--- Directions for this task ---
The full listing, word for word and free of images, is the expected result.

--- Recorded information ---
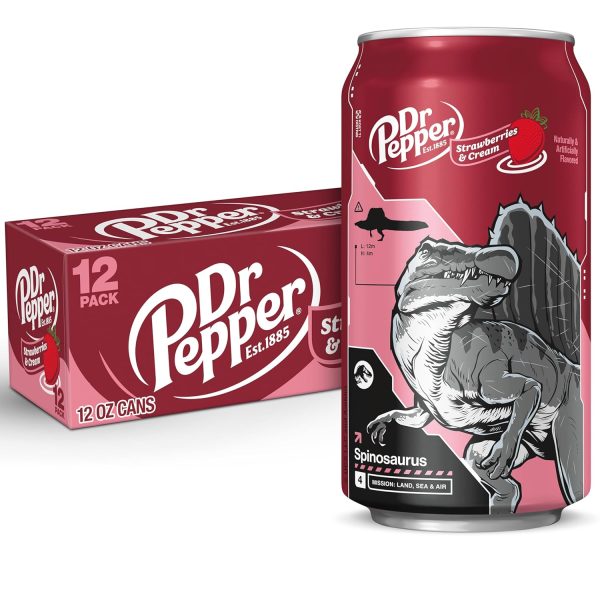Dr Pepper Strawberries and Cream Soda. 12 fl oz cans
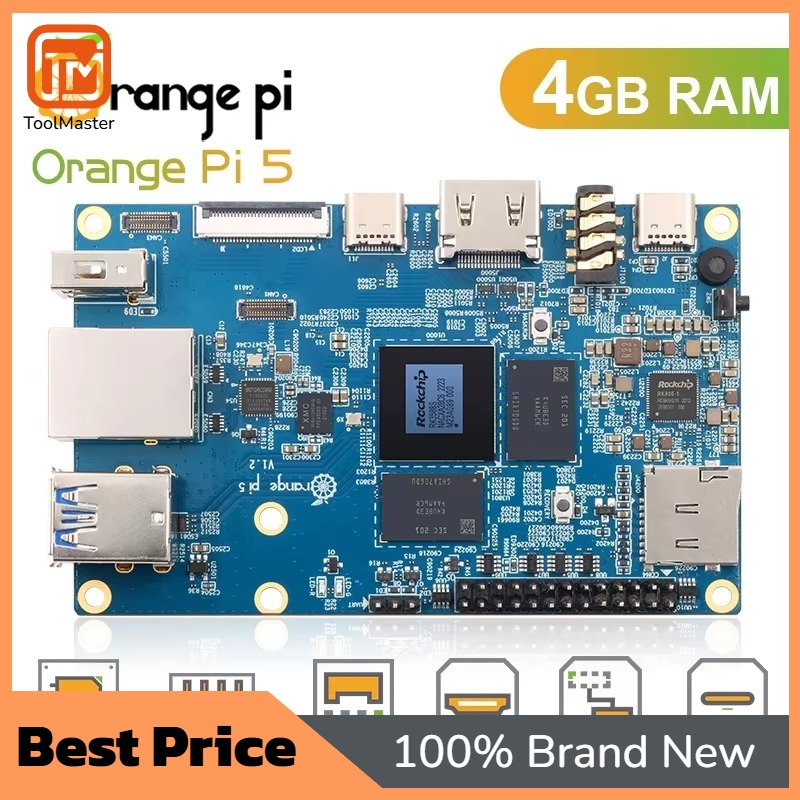 【Hot Sale】Orange Pi 5 4GB RK35 - External Ssd recension och pris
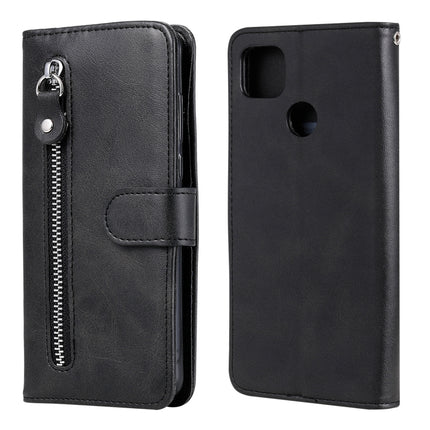 Fashion Calf Texture Zipper Horizontal Flip Leather Case with Stand & Card Slots & Wallet Function, For iPhone 12 Pro / 12, For iPhone 12 Pro Max, For Xiaomi Redmi 9C, For Xiaomi Redmi 9A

--- Output ---
Dr Pepper Strawberries and Cream Soda. 12 fl oz cans
 【Hot Sale】Orange Pi 5 4GB RK35 - External Ssd recension och pris
 Fashion Calf Texture Zipper Horizontal Flip Leather Case with Stand & Card Slots & Wallet Function, For iPhone 12 Pro / 12, For iPhone 12 Pro Max, For Xiaomi Redmi 9C, For Xiaomi Redmi 9A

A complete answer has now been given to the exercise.